According to a report in the U.K.’s Times newspaper, the journalist is a 29-year-old woman who works for the BBC Vietnamese service in Bangkok, Thailand, who does not wish to be named. When she returned to Vietnam to renew her passport in August, she was “detained and questioned for five days.” According to friends, “she was shaken by the grueling interrogation and pressured into signing 18 articles that she had published on the BBC website – a symbolic step that is often a prelude to criminal prosecution,” The Times reported.
It is unclear why the BBC journalist has been prevented from leaving the country, but it is consistent with the intensifying crackdown that the Vietnamese authorities have waged over the past decade. This has seen dozens of independent journalists, political activists, and ordinary social media users arrested for crimes as varied as “abusing democratic freedoms to infringe upon the interests of the state” and spreading “anti-state” content online.
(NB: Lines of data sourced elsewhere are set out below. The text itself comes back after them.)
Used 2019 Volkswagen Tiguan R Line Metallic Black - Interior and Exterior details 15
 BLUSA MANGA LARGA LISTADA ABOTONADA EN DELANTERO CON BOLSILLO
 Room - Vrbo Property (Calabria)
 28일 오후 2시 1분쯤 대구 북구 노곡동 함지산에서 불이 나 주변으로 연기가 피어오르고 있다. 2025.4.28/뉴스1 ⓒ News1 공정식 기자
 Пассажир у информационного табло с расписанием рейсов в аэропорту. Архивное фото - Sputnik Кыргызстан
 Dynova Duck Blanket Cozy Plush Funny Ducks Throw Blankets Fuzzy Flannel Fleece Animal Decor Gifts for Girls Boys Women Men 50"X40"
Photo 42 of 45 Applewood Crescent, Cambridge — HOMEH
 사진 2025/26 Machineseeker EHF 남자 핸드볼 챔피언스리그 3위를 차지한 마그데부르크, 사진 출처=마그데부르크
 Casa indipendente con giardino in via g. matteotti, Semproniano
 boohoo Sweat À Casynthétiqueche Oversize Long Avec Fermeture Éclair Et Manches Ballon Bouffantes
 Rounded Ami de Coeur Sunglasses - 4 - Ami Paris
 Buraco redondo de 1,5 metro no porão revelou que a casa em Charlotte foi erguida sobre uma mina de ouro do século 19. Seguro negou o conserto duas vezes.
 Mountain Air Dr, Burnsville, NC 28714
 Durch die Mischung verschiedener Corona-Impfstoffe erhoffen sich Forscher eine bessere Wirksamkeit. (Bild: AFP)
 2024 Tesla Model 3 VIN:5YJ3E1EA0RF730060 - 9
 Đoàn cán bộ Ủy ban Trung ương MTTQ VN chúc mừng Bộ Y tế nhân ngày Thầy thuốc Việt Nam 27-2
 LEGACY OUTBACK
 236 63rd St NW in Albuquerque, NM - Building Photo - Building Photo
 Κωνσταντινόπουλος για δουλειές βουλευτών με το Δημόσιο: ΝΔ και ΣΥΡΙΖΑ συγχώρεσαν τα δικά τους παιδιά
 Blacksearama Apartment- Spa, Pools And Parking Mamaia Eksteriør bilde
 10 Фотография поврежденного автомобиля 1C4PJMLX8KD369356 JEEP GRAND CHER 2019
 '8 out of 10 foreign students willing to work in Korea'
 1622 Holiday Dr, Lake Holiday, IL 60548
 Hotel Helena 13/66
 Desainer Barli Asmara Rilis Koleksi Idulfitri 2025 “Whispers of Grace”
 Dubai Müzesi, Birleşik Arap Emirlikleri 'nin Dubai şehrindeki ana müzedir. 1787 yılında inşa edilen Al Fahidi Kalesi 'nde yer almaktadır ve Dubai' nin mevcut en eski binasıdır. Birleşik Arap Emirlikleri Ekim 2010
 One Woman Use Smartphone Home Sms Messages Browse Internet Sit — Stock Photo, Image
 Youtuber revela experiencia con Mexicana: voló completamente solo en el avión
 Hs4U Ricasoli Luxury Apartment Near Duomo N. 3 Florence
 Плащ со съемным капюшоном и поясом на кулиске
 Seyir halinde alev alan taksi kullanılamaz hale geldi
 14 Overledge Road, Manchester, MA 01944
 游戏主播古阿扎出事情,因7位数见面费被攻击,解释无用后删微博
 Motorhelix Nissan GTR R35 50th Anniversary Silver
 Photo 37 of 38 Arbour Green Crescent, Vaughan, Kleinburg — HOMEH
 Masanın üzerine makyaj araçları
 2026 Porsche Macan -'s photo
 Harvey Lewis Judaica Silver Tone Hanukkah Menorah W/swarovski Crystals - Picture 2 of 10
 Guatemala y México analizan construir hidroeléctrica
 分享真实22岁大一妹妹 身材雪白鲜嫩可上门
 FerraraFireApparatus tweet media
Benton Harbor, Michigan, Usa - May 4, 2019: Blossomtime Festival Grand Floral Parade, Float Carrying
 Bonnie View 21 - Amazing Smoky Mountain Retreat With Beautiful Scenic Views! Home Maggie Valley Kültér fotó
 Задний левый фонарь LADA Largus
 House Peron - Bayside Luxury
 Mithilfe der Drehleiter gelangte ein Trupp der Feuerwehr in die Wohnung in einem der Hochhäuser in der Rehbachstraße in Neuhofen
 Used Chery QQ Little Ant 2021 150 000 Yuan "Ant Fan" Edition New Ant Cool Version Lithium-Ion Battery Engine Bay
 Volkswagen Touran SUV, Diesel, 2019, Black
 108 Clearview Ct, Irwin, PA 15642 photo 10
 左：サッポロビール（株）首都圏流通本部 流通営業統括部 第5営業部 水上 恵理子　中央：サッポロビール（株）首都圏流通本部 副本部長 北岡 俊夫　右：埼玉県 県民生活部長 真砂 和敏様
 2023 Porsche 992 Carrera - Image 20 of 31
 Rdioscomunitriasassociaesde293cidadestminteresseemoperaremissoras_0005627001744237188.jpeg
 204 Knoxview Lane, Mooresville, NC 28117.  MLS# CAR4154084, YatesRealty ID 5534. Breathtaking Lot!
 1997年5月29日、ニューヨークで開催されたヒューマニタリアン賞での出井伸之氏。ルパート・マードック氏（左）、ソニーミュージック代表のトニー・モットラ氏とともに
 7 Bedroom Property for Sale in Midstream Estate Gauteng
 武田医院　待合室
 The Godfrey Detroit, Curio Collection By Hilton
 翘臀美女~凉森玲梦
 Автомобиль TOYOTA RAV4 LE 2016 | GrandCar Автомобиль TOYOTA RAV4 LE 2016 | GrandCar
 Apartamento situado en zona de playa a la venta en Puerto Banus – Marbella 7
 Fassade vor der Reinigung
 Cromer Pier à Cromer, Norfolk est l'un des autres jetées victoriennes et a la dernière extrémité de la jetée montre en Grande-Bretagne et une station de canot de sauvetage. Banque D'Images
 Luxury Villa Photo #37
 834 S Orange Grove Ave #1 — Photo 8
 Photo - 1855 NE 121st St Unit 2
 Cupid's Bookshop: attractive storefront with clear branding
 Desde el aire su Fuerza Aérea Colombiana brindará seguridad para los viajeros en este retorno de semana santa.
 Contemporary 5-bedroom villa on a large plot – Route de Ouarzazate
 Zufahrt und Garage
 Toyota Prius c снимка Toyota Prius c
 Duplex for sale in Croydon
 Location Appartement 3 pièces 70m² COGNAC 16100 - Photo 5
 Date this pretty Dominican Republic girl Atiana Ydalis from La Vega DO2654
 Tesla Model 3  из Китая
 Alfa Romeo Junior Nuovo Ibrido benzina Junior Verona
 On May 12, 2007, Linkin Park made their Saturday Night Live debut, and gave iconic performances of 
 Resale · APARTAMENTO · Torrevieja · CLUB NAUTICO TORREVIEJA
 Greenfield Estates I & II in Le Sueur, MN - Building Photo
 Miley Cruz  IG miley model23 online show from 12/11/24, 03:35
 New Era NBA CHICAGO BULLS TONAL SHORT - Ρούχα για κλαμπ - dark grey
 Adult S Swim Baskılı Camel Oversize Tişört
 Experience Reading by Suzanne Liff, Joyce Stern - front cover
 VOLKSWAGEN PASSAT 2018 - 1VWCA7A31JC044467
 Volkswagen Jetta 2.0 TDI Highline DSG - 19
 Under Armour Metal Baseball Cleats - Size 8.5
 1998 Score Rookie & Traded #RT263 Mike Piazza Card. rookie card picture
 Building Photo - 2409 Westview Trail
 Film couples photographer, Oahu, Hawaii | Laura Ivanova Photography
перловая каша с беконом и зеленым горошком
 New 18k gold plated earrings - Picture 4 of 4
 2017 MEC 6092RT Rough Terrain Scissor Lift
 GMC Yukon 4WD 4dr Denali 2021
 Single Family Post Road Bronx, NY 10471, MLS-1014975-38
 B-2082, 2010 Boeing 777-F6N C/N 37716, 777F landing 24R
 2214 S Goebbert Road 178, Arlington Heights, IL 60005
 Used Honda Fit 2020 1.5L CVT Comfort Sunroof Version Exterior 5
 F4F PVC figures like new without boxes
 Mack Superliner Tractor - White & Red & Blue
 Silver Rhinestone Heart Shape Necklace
Like the late Radio Free Asia, BBC Vietnamese broadcasts into the country (and across the globe) in the Vietnamese language, making it a particular thorn in the CPV’s side. However, the fact that the Vietnamese government is choosing to go after one of its reporters suggests that it is growing more emboldened in its attempts to control the flow of information into and around the country.
Phil Robertson, the director of the advocacy group Asia Human Rights and Labour Advocates, said in a statement that upon arrival in London, Lam “needs to be met with clear and unrelenting demands that this journalist be given her passport, and allowed to immediately fly out to Bangkok to continue the excellent job she’s doing as a journalist for the BBC Vietnamese service.”
A Foreign Office spokesperson told the BBC the UK’s “position and track record defending media freedom is clear.” The spokesperson added, “We remain concerned by reported harassment of NGOs, journalists, and rights activists and communities in Vietnam and continue to raise these concerns directly with our Vietnamese counterpart.” It is unclear if Starmer raised the journalist’s case in his meeting with Lam.